でもその生い立ちは、決して恵まれたものではなかったと思う。もしかしたら、歴代のE-Systemボディで、いちばん数が出なかったモデルかもしれない。オリンパスの生真面目な性格が災いしてか、E-30には兄貴分であるE-3と同等のAF性能や1/8000秒対応の高速シャッター機構が盛り込まれ、ボディ単体の初値が(E-3とさして変わらない)12万円ほどになってしまった。当時のユーザーの声も、「高い」「これならE-3を買う」というものが多かったように思う。カメラボディとしての基本性能には奢られた箇所が多かったけれど、防塵防滴が謳われなかったことも、広い支持を得られなかった原因かもしれない。

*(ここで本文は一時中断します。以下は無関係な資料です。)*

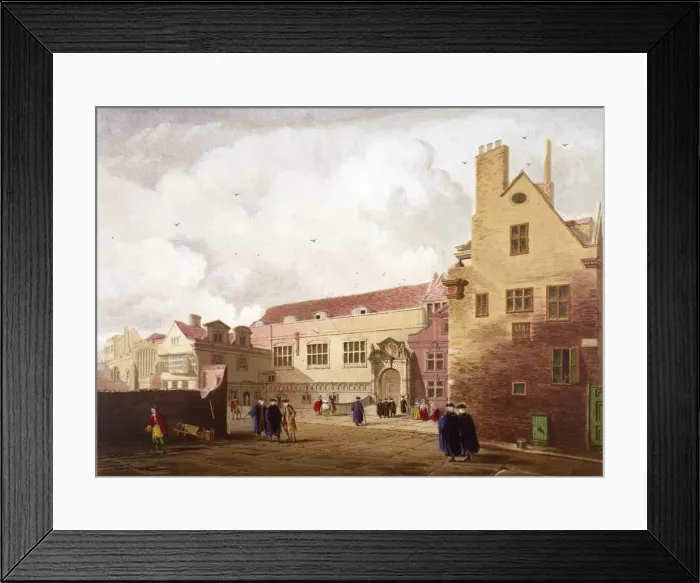Framed Print : Leathersellers Hall, Little St Helens, City of London, 1871 Framed Print : Leathersellers Hall, Little St Helens, City of London, 1871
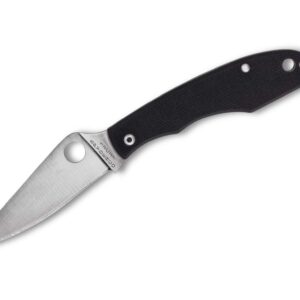 Spyderco Grasshopper G10 Black PlainEdge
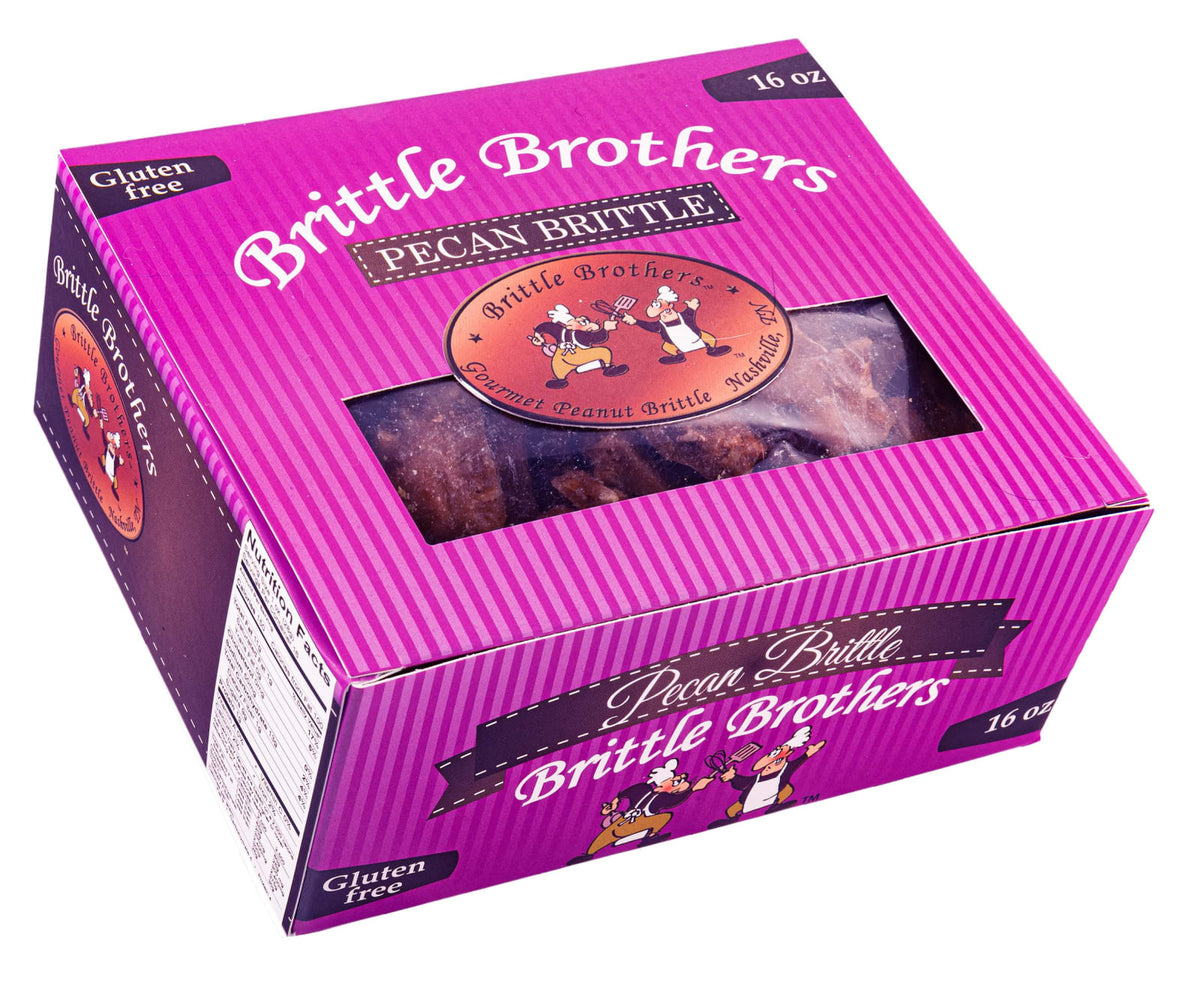 Brittle Brothers Pecan Brittle - 16 oz box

だけど僕は、細かーく仕様を確認した上で、E-30を選んだ。結果として、妥協のない良いボディだと思っている。
よく「オリンパス機はAFが弱い」と勘違いされることが多いのだけど、E-3と、そのAFユニットを受け継いだE-30に限っては、そんなことはない。同世代のライバル機であるニコンのD90、キヤノンの50DとAF性能を諸元で比較してみても、、、
OLYMPUS E-30:11点全点ツインクロス測距、測距可能な輝度はEV-2~19
CANNON 50D:9点全点クロス測距、測距可能な輝度はEV-0.5~19
NIKON D90:11点測距(クロス測距は中央1点のみ)、測距可能な輝度はEV-1~19
……というように、E-30の性能がアタマ一つ抜けている。これはE-30が一番、測距点の数が多く、精度に優れ、かつ暗いところでもAFが合うということ。実際の使用感でも、高速で信頼に足るオートフォーカスだと思う(またD90は、最高シャッターが1/4000に留まっているのも残念な点)。ただしオリンパスは、動体追尾AF(コンティニュアスAF)の制御が弱いようだ。測距点の間にアシストAFポイントがないからかもしれない。

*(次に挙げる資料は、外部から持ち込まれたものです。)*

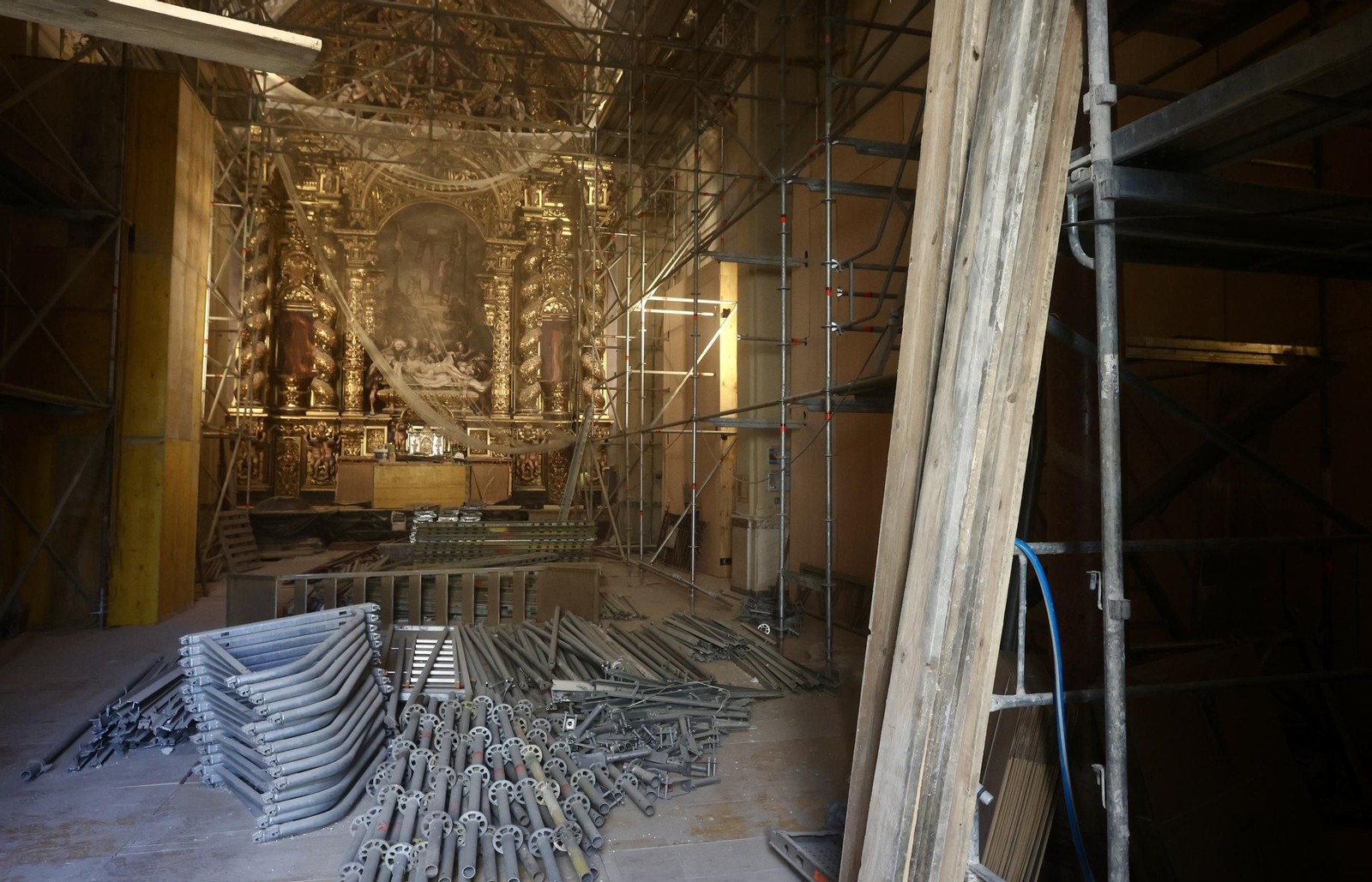 Obras en la Iglesia de La Caridad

だいたいにおいて、E-30の優れた点って、目立たないところ、ユーザーが気づきにくいところに、存在する。圧倒的なダストリダクション(僕は4/3ボディを使っていて一度も、ゴミの写り込みに悩まされたことがない)しかり、最大5段を謳う超音波式の手ブレ補正しかり……。普段はその恩恵に気付かなくても、ほかのマウントに浮気をすると、E-Systemのありがたさに気づく。特に自分は、屋外での風景・静物撮りが中心なので、ゴミを気にせずレンズ交換したり、三脚を立てずに低速シャッターを切れたりすることに、魅力を感じる。僕は平衡感覚もアヤシイので、ファインダー内に表示できる電子水準器も本当に助かっている。

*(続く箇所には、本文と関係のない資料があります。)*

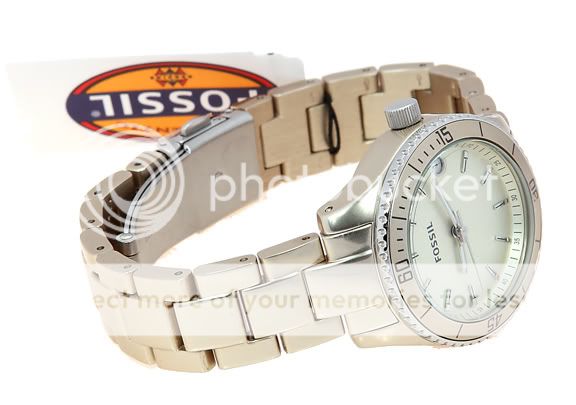 WOMENS FOSSIL STELLA MINI CHAMPAIGN DIAL VERY LIGHT ALUMINIUM WATCH 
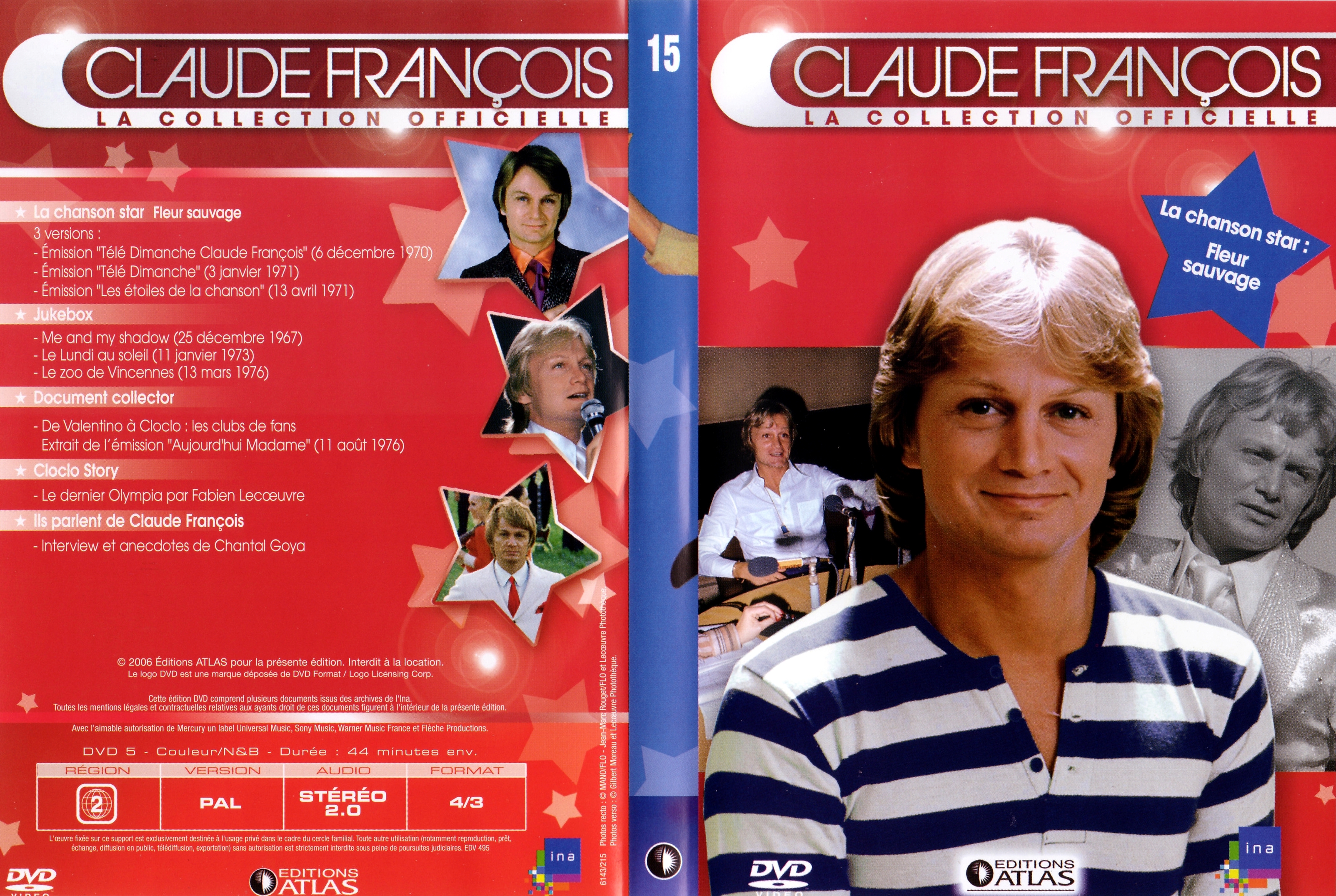 Jaquette DVD Claude Francois la collection officielle vol 15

今は、E-30とE-420のコンビで撮映に出かけることが多いけど、E-3後継機(E-5)がリリースされたら、E-5とE-30のコンビにするつもり(なんだかんだ言って、E-420の3点AFは物足りないのだ)。実はこのことも、当時E-3ではなくE-30を選択した理由だったりする。フラッグシップ機は、フラッグシップ機のサブボディには成り得ない。E-5&E-3の組み合わせより、E-5&E-30の組み合わせのほうが、トータル重量を軽減できるし、世代が近いから違和感なく使えるはず。E-3だとコントラストAF未対応で、電子水準器も無いし。
E-30の残念なところって、背面液晶が23万ドットなことかなあ(ライバル機はおおむね92万ドット表示)。その分、バリアングル液晶ではあるんだけれど。
あ、アートフィルターに全く言及してないや……。